À propos du film sur Michel Debré

L’autre face de l’Histoire

30 novembre 2005

J’ai été très heureuse de trouver enfin, dans “Témoignages”, un article de M. Eugène Rousse qui donne un regard d’historien sur le film diffusé mercredi 23 novembre “25 ans d’Histoire de La Réunion” qui vantait les mérites de “Papa Debré”. Excusez, mais ce n’était pas un Papa pour tout le monde !
Certes, Benoît Ferrand a fait un bon travail de recherche d’archives. Mais les commentaires ne reflétaient pas toujours l’exactitude de l’image. Par exemple, Debré, aidé par ses amis de La Réunion, comme Albert Ramassamy, dénonçait avec violence dans ses discours le Parti communiste réunionnais qui "sous couvert de l’autonomie, voulait en fait l’indépendance". Donc le film montre à ce propos une manifestation où des milliers de Réunionnaises et Réunionnais portent des pancartes “Autonomie”, voulant ainsi illustrer l’idée : autonomie = indépendance.
Debré, "un grand homme" ? qui n’a jamais combattu la fraude.
Battu en Indre-et-Loire, il vient à La Réunion pour dicter sa loi. Pour cela, il foule les lois de la République. Il est "élu" en 1963, "avec 80% des voix". Dans le même temps, son adversaire est expulsé des bureaux, ses représentants sont insultés, frappés parfois par les nervis, menacés s’ils protestent contre les fraudes grossières lors du dépouillement. Tout cela n’amène pas Debré à protester vigoureusement et à démissionner. Est-ce là l’attitude d’un "grand homme d’État" ?

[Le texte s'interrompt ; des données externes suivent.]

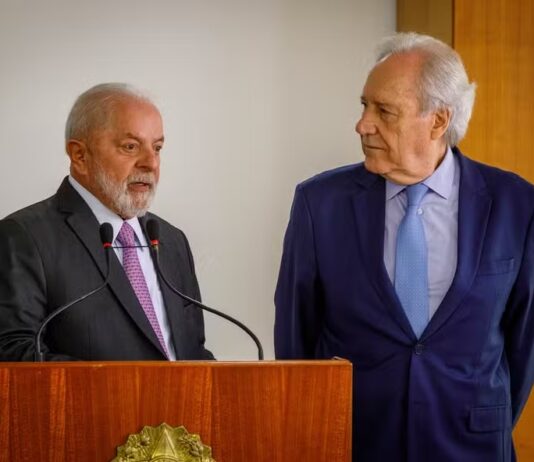 Ministro da Justiça, Lewandowski entrega carta de demissão a Lula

Les années Debré - comme l’a rappelé Eugène Rousse -, c’est l’ordonnance qui porte son nom qui va expulser des fonctionnaires syndicalistes. Ce sont les violences, des militants emprisonnés, alors que les fraudeurs n’ont aucune sanction, ce qui amènera le directeur de “Témoignages” de l’époque, Paul Vergès, à refuser de faire de la prison pour avoir reproduit des articles de journaux parisiens “Le Monde” et “l’Humanité” qui dénonçaient la répression atroce contre les Algériens à Paris, tant que les fraudeurs n’auraient pas été condamnés.

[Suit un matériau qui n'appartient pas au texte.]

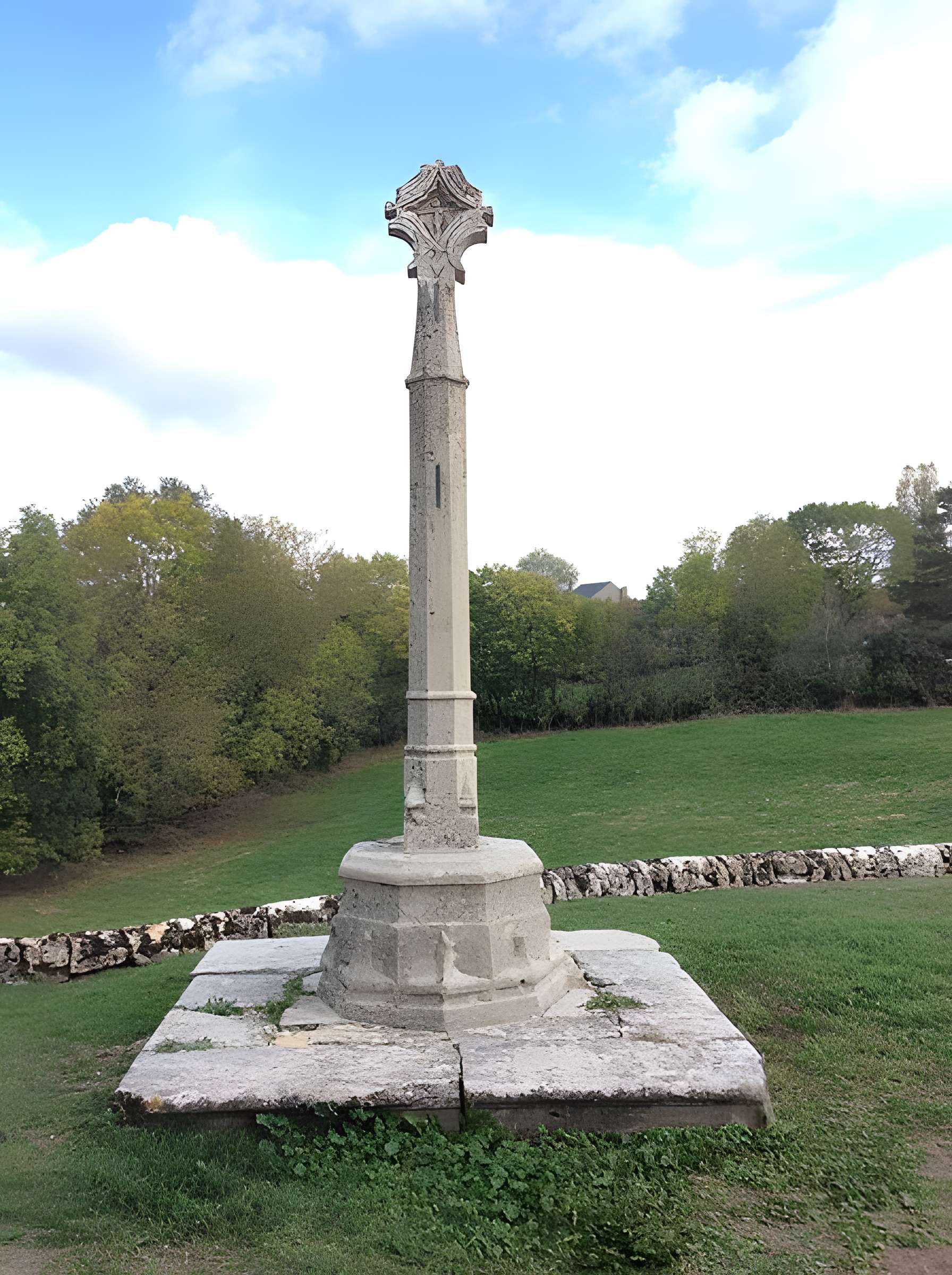 Croix en pierre du XVe siècle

Les années Debré, ce sont aussi les 43 saisies du journal “Témoignages”.
Les années Debré, ce sont ces enfants enlevés à leurs parents, leurs grands-parents, et envoyés dans La Creuse pour "repeupler" les départements désertiques. Un scandale dont beaucoup, devenus des femmes et des hommes, portent les souffrances.
Debré, rejeté en France, est venu disposer des hommes et des femmes de ce pays, pour vivre le rôle qu’il s’était octroyé : devenir le chef dans cette colonie, à n’importe quel prix.
S’il y a eu des progrès, les luttes des ouvriers, dockers, travailleurs du bâtiment, planteurs et ouvriers agricoles, enseignants progressistes ; des femmes et des hommes de La Réunion ont largement contribué aux avancées économiques, sociales et culturelles.
Quand on entend un ancien sous-préfet de Saint-Benoît, Bernard Grasset, dire que la culture n’était pas bâillonnée, qu’on entendait du séga et du maloya sur les ondes, on croit rêver.
Interdits de radio et de télévision, poursuivis, humiliés, les Réunionnais ont résisté, et su garder leur culture et défendre leur droit à la liberté.
L’Histoire n’a pas une seule face. Un historien peut choisir de défendre telle ou telle cause.
Ceux qui ont vécu la même période ont le droit de donner leur point de vue.
C’est pourquoi, je n’adhère pas à la glorification de Michel Debré qui n’a pas laissé à La Réunion le souvenir d’un grand Homme. Il a failli en agissant avec des œillères, et en participant à la fraude et au bâillonnement d’une partie du peuple. Ce n’est certes pas républicain.